Image Credit: Felix Speller
The existing house was typical of its kind: compartmentalised, low on natural light and constrained by a narrow rear outrigger. CAN’s intervention has been relatively restrained in plan but ambitious in intent. A half-metre rear extension and the removal of a central loadbearing wall allowed the ground floor to be opened up and reorganised, creating a sequence of spaces that unfold gradually rather than reading as one continuous room. This spatial choreography became a framework for an intense exploration of materiality, texture and atmosphere.
The client’s brief was unconventional. Rather than precedent images of buildings or interiors, they shared references drawn from hyper-real natural scenes, industrial steel structures and florid, almost theatrical arrangements of flowers. For CAN, whose work often sits between architecture, art and cultural research, this provided fertile ground.

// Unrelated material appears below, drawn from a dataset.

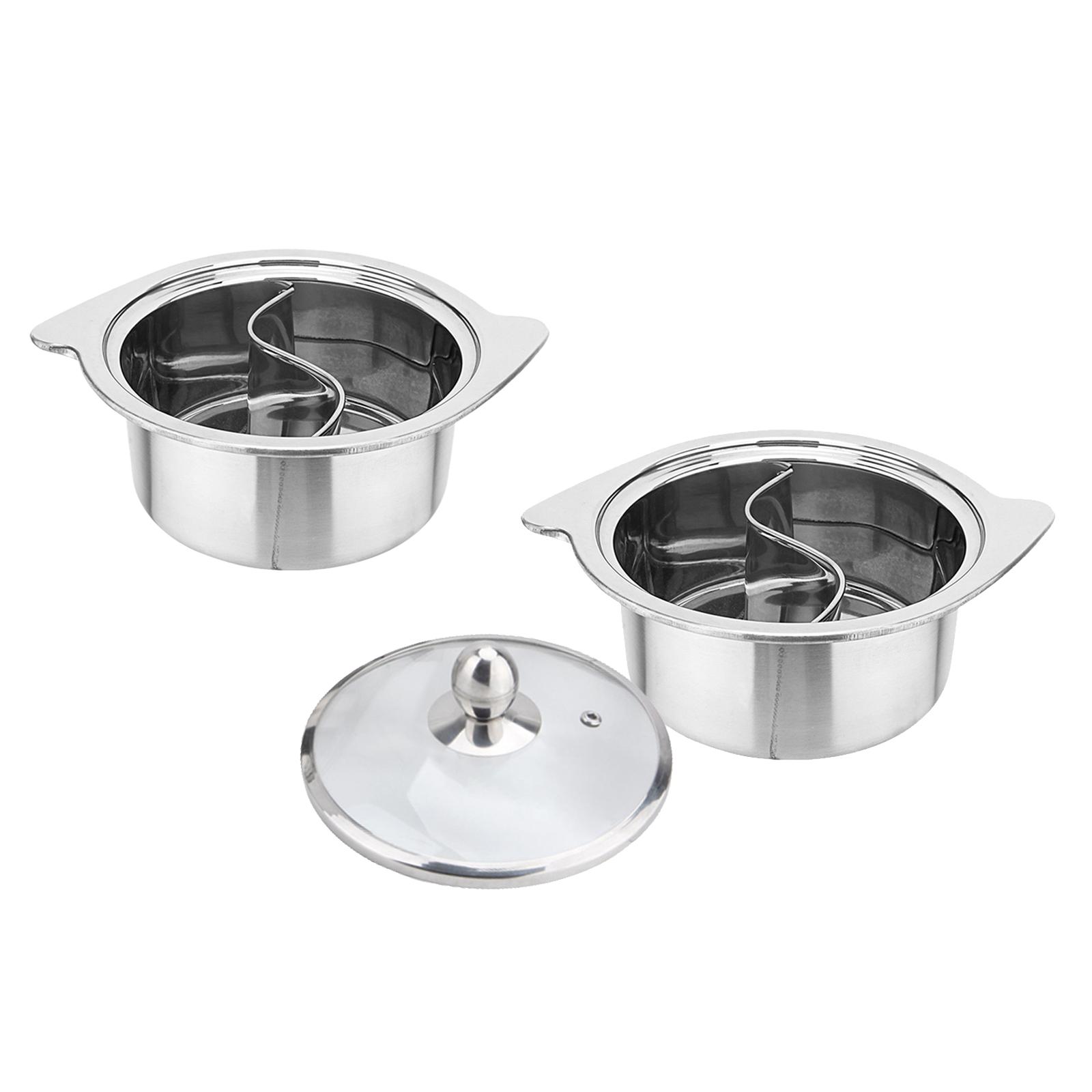 Shabu Divider Hot Pot Gas Stoc - Induction Cooktop Portable recension och pris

Director and lead architect Mat Barnes describes the process as one of translating moods and mythologies into physical form, prioritising how spaces feel as much as how they function.

Image Credit: Felix Speller
At the heart of the ground floor is an antechamber that was once a dark, underused dining area. Now it acts as a threshold space, anchoring the plan and introducing the project’s material language. A small bar is set into the room, while a pair of cave-like openings lead through to the living spaces on either side. These apertures are deliberately sculptural, concealing sliding pocket doors within their thickness and setting up a contrast between smooth painted surfaces and rougher textures beyond.
The front living room is deliberately restrained in palette. Walls and ceilings are finished in a creamy white that emphasises the geometry of the openings and allows light to move softly across the surfaces. Underfoot, Douglas fir plywood panels are oiled rather than lacquered, bringing out the grain and warmth of the timber and establishing a tactile, almost workshop-like quality that recurs throughout the house.

Image Credit: Felix Speller
The kitchen and dining area is arguably where the project’s material experimentation becomes most pronounced. The space is organised around a four-metre-long stainless steel island that gently meanders through the room. Fabricated in two sections and craned in through the front window, the island incorporates integrated hobs and a fully welded sink, giving it the appearance of a single, monolithic object. Its reflective surface catches light and colour from the surrounding finishes, acting as both functional workspace and sculptural centrepiece.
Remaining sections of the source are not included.